* EXERCISE BRIEF:
The response should consist of the data below, copied exactly, with no pictures in it.

* SUPPLIED INFORMATION:
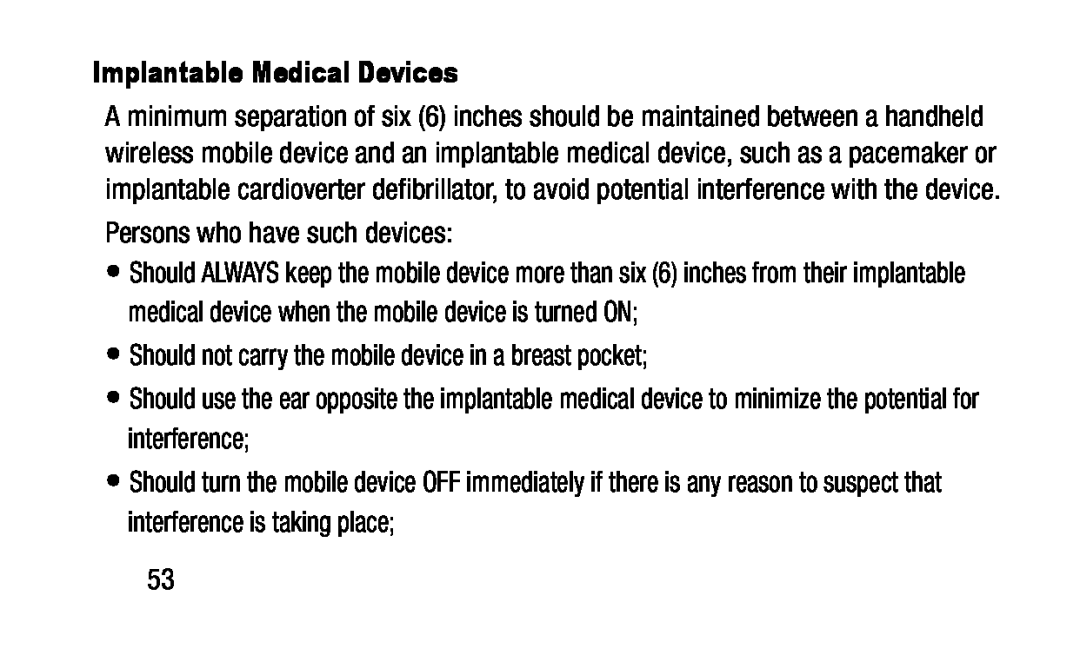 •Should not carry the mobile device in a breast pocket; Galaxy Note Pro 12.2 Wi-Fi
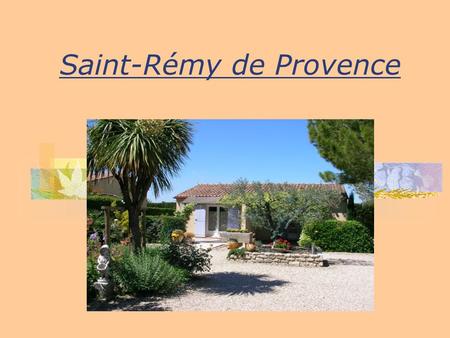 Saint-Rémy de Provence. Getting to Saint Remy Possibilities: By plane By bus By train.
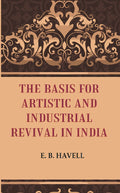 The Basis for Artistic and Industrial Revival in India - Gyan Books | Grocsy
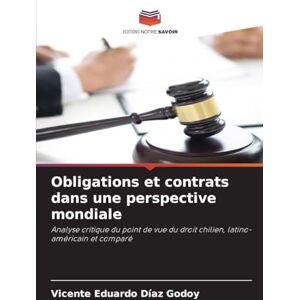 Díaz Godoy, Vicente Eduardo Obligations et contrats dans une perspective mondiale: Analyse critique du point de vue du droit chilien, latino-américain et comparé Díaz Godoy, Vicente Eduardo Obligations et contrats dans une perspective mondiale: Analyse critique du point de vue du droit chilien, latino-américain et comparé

* ANSWER SECTION:
 •Should not carry the mobile device in a breast pocket; Galaxy Note Pro 12.2 Wi-Fi
 Saint-Rémy de Provence. Getting to Saint Remy Possibilities: By plane By bus By train.
 The Basis for Artistic and Industrial Revival in India - Gyan Books | Grocsy
 Díaz Godoy, Vicente Eduardo Obligations et contrats dans une perspective mondiale: Analyse critique du point de vue du droit chilien, latino-américain et comparé Díaz Godoy, Vicente Eduardo Obligations et contrats dans une perspective mondiale: Analyse critique du point de vue du droit chilien, latino-américain et comparé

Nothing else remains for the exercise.